I can recall a situation while working in the emergency room years ago. My patient, Mr. Jones, came in with a complaint to feeling butterflies in his chest. He was a middle-aged male in relatively good health with not many, if any, risk factors. He stated that the feeling in his chest started approximately six hours before arriving in the ED. We, of course, quickly obtained an EKG. The EKG showed Mr.
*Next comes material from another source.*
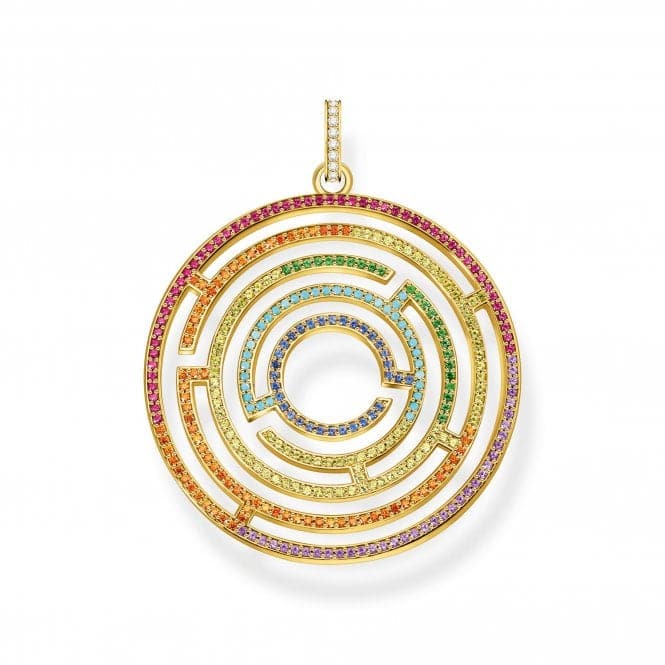 Sterling Silver Gold Plated Colourful Maze Pendant PE921 - 488 - 7Thomas Sabo Sterling SilverPE921 - 488 - 7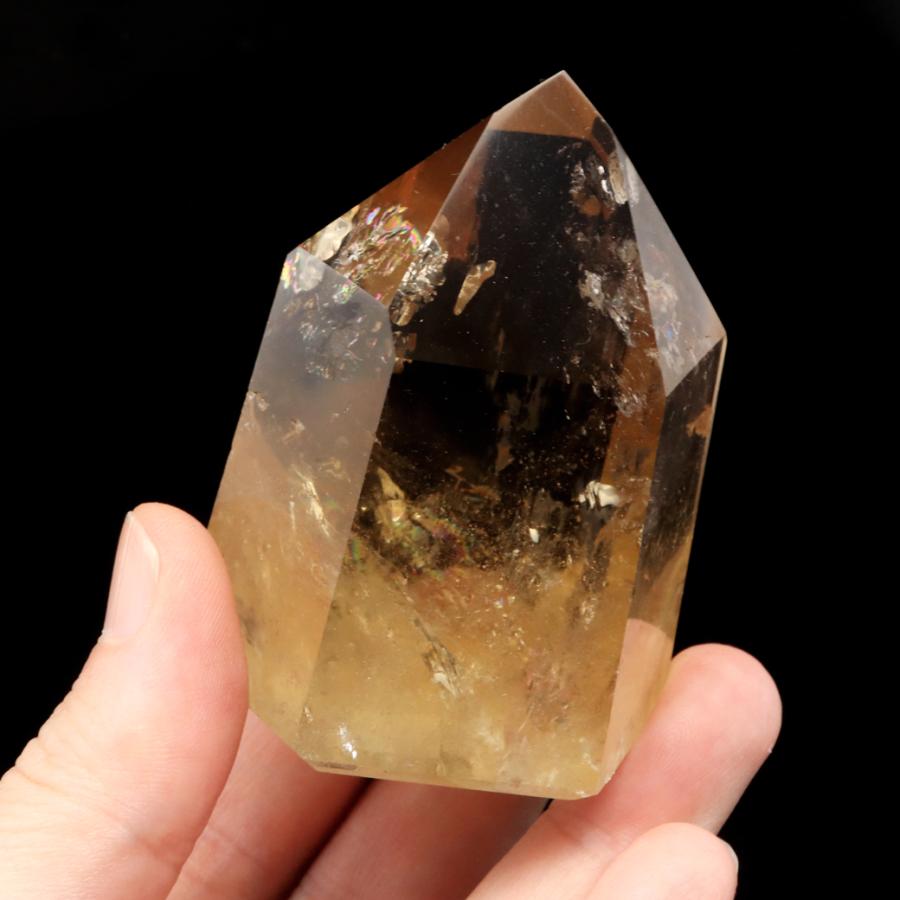 GOLD STONE シトリン 非加熱 ポリッシュ ポイント 虹入り 六角柱 黄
Jones was in Atrial Fibrillation (A-Fib) with a ventricular rate of around 100. B/P was, from what I remember, adequate. Mr. Jones appeared asymptomatic other than the unfamiliar feeling in his chest. The attending ED physician spoke with the patient and his wife and told them what they needed, which was, in his opinion, cardioversion. I am not questioning whether or not that was the best treatment given the patient’s condition. I am merely stating that all the treatment options were not explained to the patient; hence the patient was not given alternative treatment choices. We proceeded with the procedure, and ultimately the cardioversion was unsuccessful, and the patient remained in A-Fib. The patient and his family were very disappointed that he had to go through this procedure, only to have it fail to convert his rhythm.

     

        Mr. Jones was eventually discharged with an anticoagulant and a referral to an Electrophysiologist. I believe if the patients would have been given all the alternatives, they may have opted to see a specialist before being unsuccessfully cardioverted in the ED. If we consistently consider the patients preference when planning treatments, we will ensure that we involve the patient in their treatment decisions. Patients involvement in treatment decisions will not only improve outcomes but patient’s satisfaction as well. The decision aid is an extremely useful tool that should be utilized to help educate the patient in regard to the different treatment options. Pt can also evaluate the risk and benefits to each treatment, which will aid them on their decision. Pts can easily get on the website, search for their condition, and take a questionnaire. After receiving some information on alternative treatment, the tool helps them evaluate the best decision for them based on how they respond to the questionnaire.  (The Ottawa Hospital, 2019). In the future, I will take advantage of this patient decision aid to help inform and educate my patients and involve them in their care plan and treatment decisions.

References

Fowler, F., Levin, C., & Sepucha, K. (2011, April). Informing And Involving Patients To Improve The Quality Of Medical Decisions. Health Affairs. http://dx.doi.org/https://doi.org/10.1377/hlthaff.2011.0003

Melnyk, B., & Fineout-Overholt, E. (2019). Evidence-Based Practice (Fourth ed.). Philadelphia, PA: Wolters Kluwer.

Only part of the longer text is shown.